The incorrect match in the following is:

To decide which pair is mismatched, we first recall the fundamental thermodynamic relation that links the standard Gibbs free-energy change $$\Delta G^0$$ with the equilibrium constant $$K$$ of the reaction.

We have the formula

$$\Delta G^0 = -\,R\,T \,\ln K$$

where $$R$$ is the universal gas constant and $$T$$ is the absolute temperature (in kelvin). This equation is valid for any reaction at equilibrium under standard conditions.

Now, we examine how the signs and magnitudes of $$\Delta G^0$$ and $$K$$ are connected through this equation.

Because $$R$$ and $$T$$ are always positive, the sign of $$\Delta G^0$$ is governed solely by the sign of $$-\ln K$$. So we rewrite

$$\Delta G^0 = -RT \ln K \;\;\Longrightarrow\;\; \dfrac{\Delta G^0}{-RT} = \ln K$$

Next we convert the natural logarithm statement into exponential form:

$$\ln K = \dfrac{\Delta G^0}{-RT} \;\;\Longrightarrow\;\; K = e^{\frac{\Delta G^0}{-RT}}$$

From this exponential expression we deduce the following three direct consequences.

• If $$\Delta G^0 < 0$$, then $$\dfrac{\Delta G^0}{-RT}$$ is positive, hence $$e^{\text{positive}} > 1$$, so $$K > 1$$.

• If $$\Delta G^0 > 0$$, then $$\dfrac{\Delta G^0}{-RT}$$ is negative, hence $$e^{\text{negative}} < 1$$, so $$K < 1$$.

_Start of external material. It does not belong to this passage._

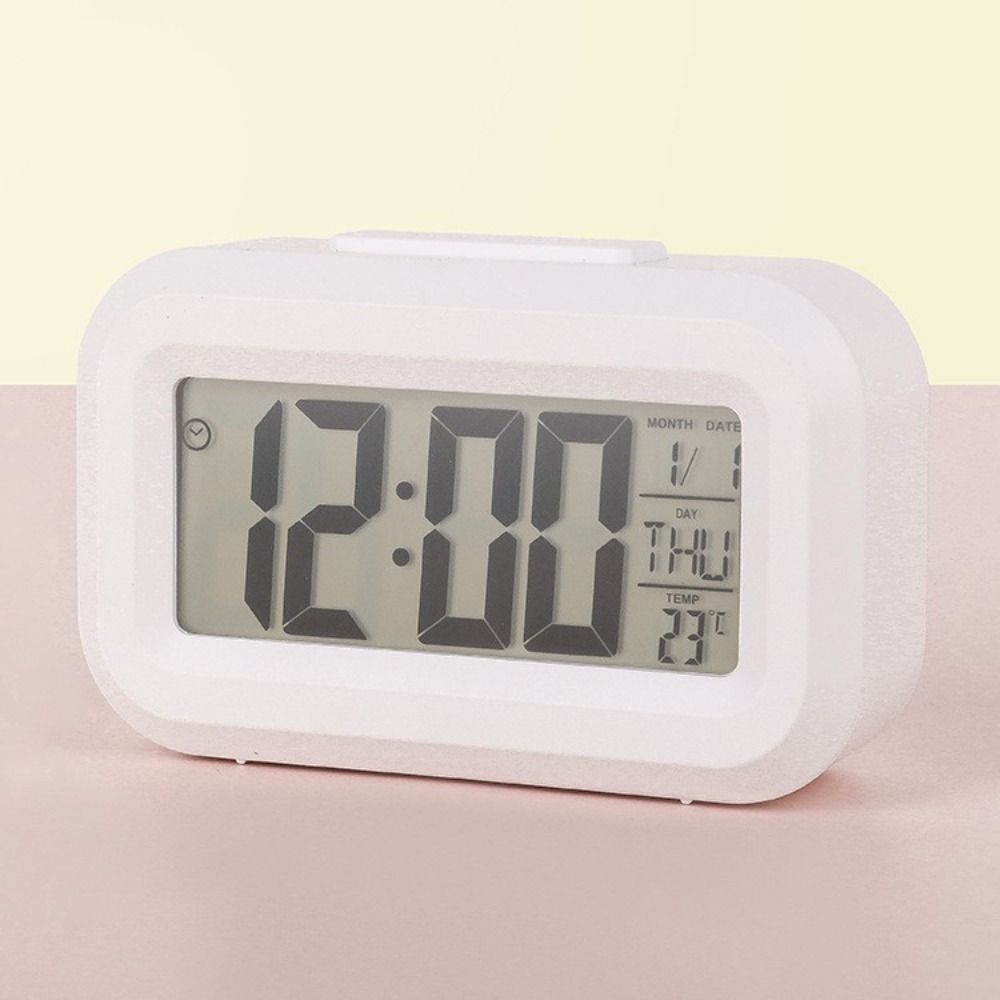 Plastic Digital Alarm Clock Silent LED Electronic Clock Creative Silent Snooze Clock  Date Display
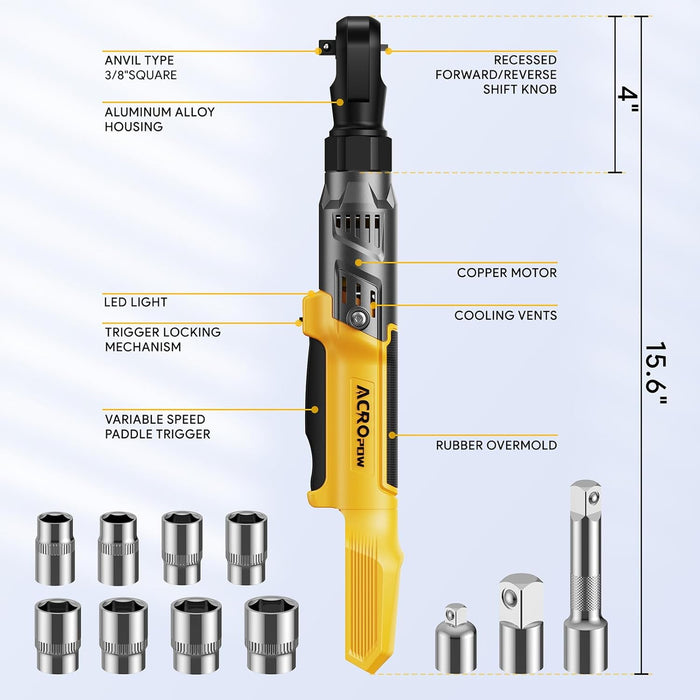3/8" Cordless Ratchet Wrench, 74Ft-Lbs Brushless Motor Electric Ratchet with Variable Speed, Sockets Set, Adapters and Tool Bag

• If $$\Delta G^0 = 0$$, then $$\dfrac{\Delta G^0}{-RT} = 0$$, hence $$e^0 = 1$$, so $$K = 1$$.

We now compare these correct relationships with each option provided.

A. $$\Delta G^0 < 0,\; K > 1$$   matches the first consequence, therefore correct.

B. $$\Delta G^0 > 0,\; K < 1$$   matches the second consequence, therefore correct.

C. $$\Delta G^0 = 0,\; K = 1$$   matches the third consequence, therefore correct.

D. $$\Delta G^0 < 0,\; K < 1$$   contradicts the first consequence because when $$\Delta G^0 < 0$$ we must have $$K > 1$$, not $$K < 1$$. Hence this pair is mismatched.

So among all the given options, the only incorrect match is Option D.

Hence, the correct answer is Option 4.